Colère, incompréhension, dégoût, compassion, déni total. Les compagnes des accusés qui comparaissent depuis début septembre au procès des viols de Mazan ont expérimenté une palette de sentiments depuis que l’affaire a éclaté. Pour Vanessa P., qui n’a “plus aucune considération pour” son ex, la colère est froide. Comme une cinquantaine d’autres hommes, âgés de 26 à 74 ans, Quentin H., 34 ans, alors gardien de prison, avait répondu à l’invitation de Dominique Pelicot de venir violer son épouse à leur domicile conjugal de Mazan. “Quand on voit de quoi il est accusé, on peut douter de tout”, “c’est un manipulateur”, a ajouté à la barre cette auxiliaire-puéricultrice, sans lancer un regard à son ancien partenaire.
“C’était quelqu’un de merveilleux. Il nous a anéantis”
“Manipulateur”, un qualificatif également utilisé par Émilie O., 33 ans, a propos d’Hugues M., 39 ans.

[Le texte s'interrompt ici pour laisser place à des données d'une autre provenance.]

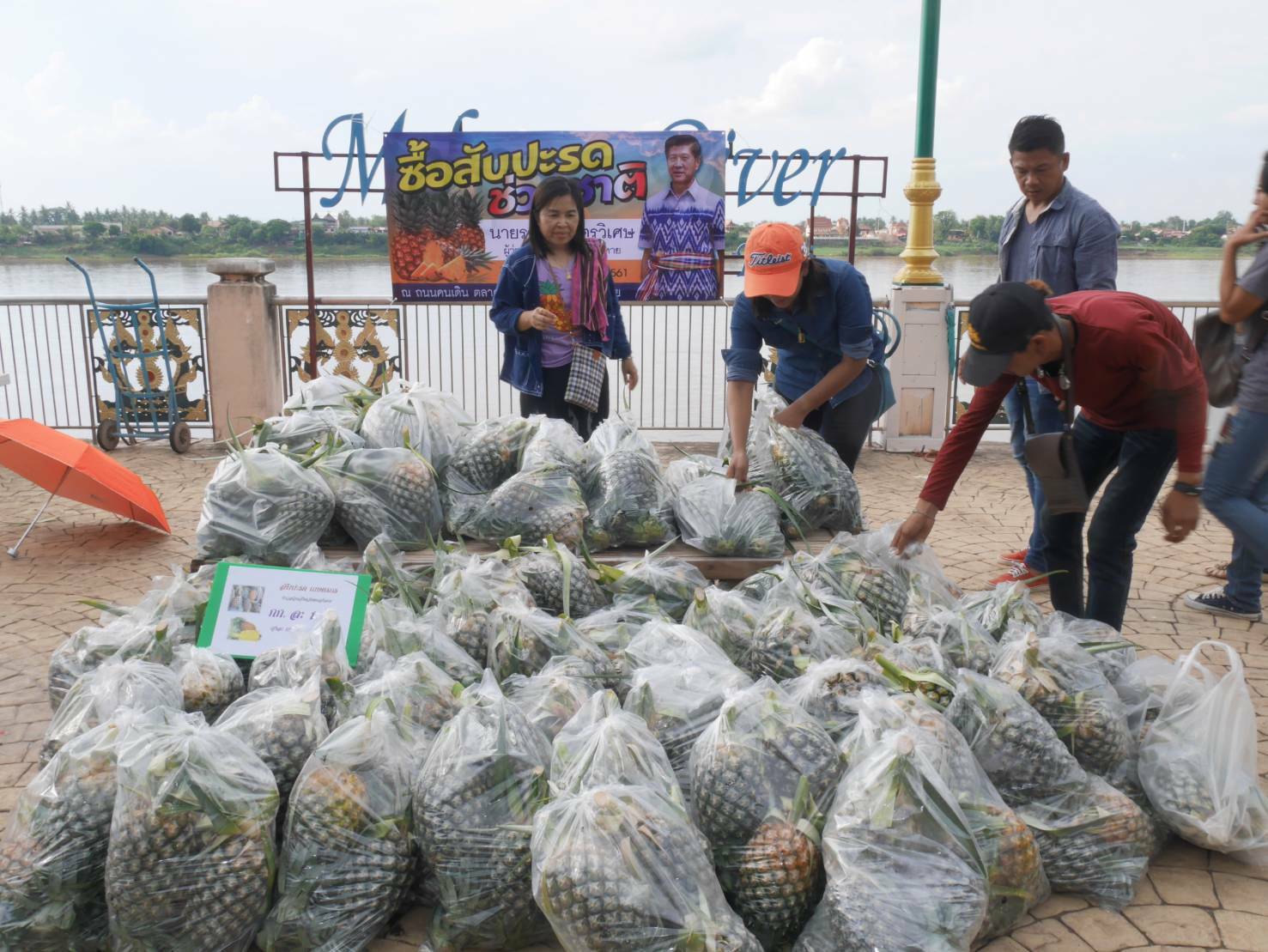 พจ.หนองคาย ร่วมประชาสัมพันธ์จำหน่ายสับปะรดแก่ผู้บริโภคที่สนใจ เพื่อช่วยเหลือเกษตรกรผู้ปลูกสับปะรด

Leur union a pris fin en novembre 2020, quand les faits visant Dominique Pelicot et son mari ont été révélés. Au passage, elle a découvert les multiples relations extraconjugales de celui qui partageait sa vie. “Je pensais vivre une vie paisible et épanouissante, mais j’étais dans l’erreur”. Depuis, elle vit avec le doute d’avoir été victime elle-même de soumission chimique, comme Gisèle Pelicot, assommée d’anxiolytiques et violée pendant dix ans par son mari et cette cinquantaine d’hommes qu’il avait recrutés sur internet.

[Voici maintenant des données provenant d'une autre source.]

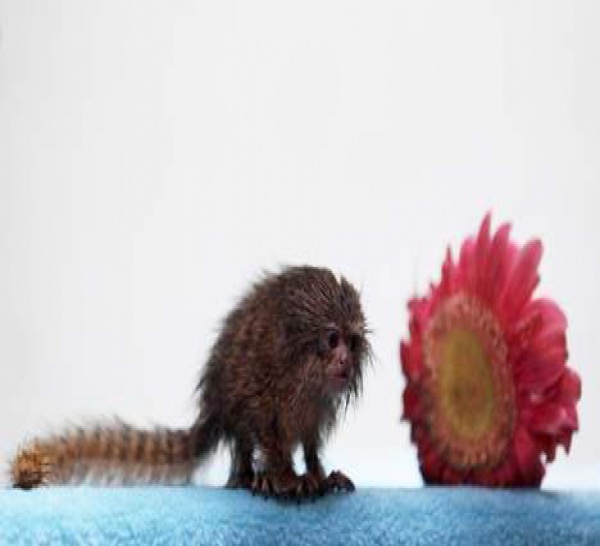Le plus petit singe au monde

Un doute que n’a plus Cilia M. : entre 2015 et 2018, son mari, Jean-Pierre M., 63 ans, et Dominique Pelicot, 71 ans, l’ont violée une dizaine de fois en reproduisant sur elle le procédé utilisé sur Gisèle. “C’était quelqu’un de merveilleux. Il nous a anéantis”, a-t-elle témoigné, précisant qu’elle ne “pardonnerait jamais” à son ex-mari, dont elle a cependant gardé le nom et contre qui elle a refusé de porter plainte, pour “protéger (leurs) cinq enfants”.
D’autres s’interrogent encore, quitte à trouver des excuses à leurs ex-compagnons. “Il a toujours été respectueux: quand c’était non, c’était non. Il n’a jamais insisté (…) Je ne comprends absolument pas pourquoi il est là aujourd’hui”, s’est lamentée Corinne M., déjà séparée de son mari, Thierry P., au moment des faits qui lui sont reprochés. Leur couple avait été brisé par le décès de leur fils dans un accident de la route à la suite duquel Thierry P. avait sombré dans l’alcoolisme.

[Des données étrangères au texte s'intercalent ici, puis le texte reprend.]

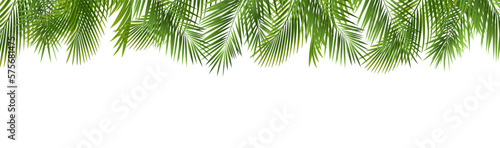 palm tree leaves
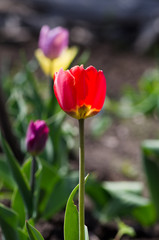 Flowers tulips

“Je ne le vois pas du tout comme un violeur”
De son côté, Samira T. cherche “des réponses à (ses) questions depuis trois ans et demi” au sujet de son compagnon, Jérôme V., accusé d’avoir violé à six reprises Gisèle Pelicot en 2020. Mais elle ne l’a pas quitté et elle persiste à “le soutenir” : “Si on s’est rencontrés, ce n’est pas un hasard, j’avais cette mission”. “Il n’avait pas de raison d’aller voir ailleurs”, a ajouté, en pleurs, celle qui avait pourtant accepté ses demandes de relations sexuelles quasi quotidiennes, “à 22h00”, de prises de photos intimes ou encore de promenades dénudées.
Allant jusqu’à s’accuser, Hien B., elle, se sent responsable “d’avoir refusé tout le temps” les avances de son mari, Jean-Luc L., à une époque où elle s’occupait de sa mère malade : “Je pense qu’en tant qu’homme il a voulu voir ailleurs.” Comme elle, Sonia R., en couple avec Patrice N. depuis 16 mois, ne veut penser qu’à “l’avenir”: “Je le soutiens et lui donne ma confiance totale. Pour moi il y a un présent et il y aura un après, quoi qu’il en coûte, quoi qu’il en soit, quoi qu’il se passe.”
“Je ne le vois pas du tout comme un violeur. Ce n’est pas lui” , a assuré devant la cour Lucie B., concubine de Grégory S. depuis sept ans et de qui elle attend un troisième enfant. Après les faits, en 2017, “il m’avait précisé que c’était surtout un délire du mari et sa femme, qu’elle était bourrée.”.
C’est “au-delà de leur entendement”
“Dans les affaires de violences sexuelles, les proches des accusés ont parfois eux-mêmes du mal à imaginer la violence, parce que c’est au-delà de leur entendement”, explique Véronique Le Goaziou, chercheuse associée au Laboratoire méditerranéen de sociologie et spécialiste des violences sexuelles. “Dans certains cas, ils n’apportent pas crédit aux faits rapportés par les victimes, poursuit-elle. Ils ne peuvent ou ne veulent le croire.” Et d’ajouter: “Les violences sexuelles n’impactent pas seulement les auteurs et leurs victimes, (…) ce sont des familles entières qui en subissent les conséquences. (…) Quant (aux compagnes), elles sont dans une forme de sidération**”, précise-t-elle.